Ela viu ali aquele homem que lhe pareceu tão carinhoso e romântico, simpático e bem humorado. Pareceu-lhe estratégicamente colocado em seu caminho. Então ela desejou desejá-lo mais que tudo em sua vida. Sentiu novamente o ímpeto de se atirar do mais alto abismo, tentar voar e rezar para que fossem muitos os metros que antes do chão. Ela quis se entregar. Quis ligar, abraçar e beijá-lo frequentemente. Quis abrir seu coração para aquele homem que tã oportunamente se apresentava.
Então lembrou que é necessário seguir as regras estabelecidas desde sempre para relacionar-se com terceiros. Não que achasse que aquelas regras fizessem sentido, mas sabia que era esperado que ela as seguisse e caso contrário ficaria claro que ela não era capaz de se dominar e, consequentemente, viver em sociedade.
Pessoas que se deixam dominar pelas emoções não são bem vistas, são consideradas ameaças. Ameaças talvez à monotonia e ao controle ilusório da rotina. Ela queria ignorar tudo isso e correr, mas era impossível soltar-se das amarras da cultura.
Nunca lhe atormentou a idéia de ver alguém partir, o que lhe incomodava era a possibilidade de vê-lo partir sem dividir com ele quantos momentos bons pudessem ter.
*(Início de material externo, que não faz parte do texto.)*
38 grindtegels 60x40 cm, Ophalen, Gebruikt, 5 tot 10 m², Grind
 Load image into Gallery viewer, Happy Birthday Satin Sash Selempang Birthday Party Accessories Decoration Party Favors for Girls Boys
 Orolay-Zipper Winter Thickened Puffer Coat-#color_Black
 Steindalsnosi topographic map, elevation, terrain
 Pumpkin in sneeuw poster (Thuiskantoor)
Era uma mania que ela tinha, tirar de quem se aproximasse toda alegria que ela pudesse dar.
Então ela repetiu pra si mesma que aquele jogo de cartas marcadas era necessário, que era isso que se chamava sedução e tentou não se precipitar, mas nesse momento sua alma já partia livre atrás daquele estranho e belo rapaz.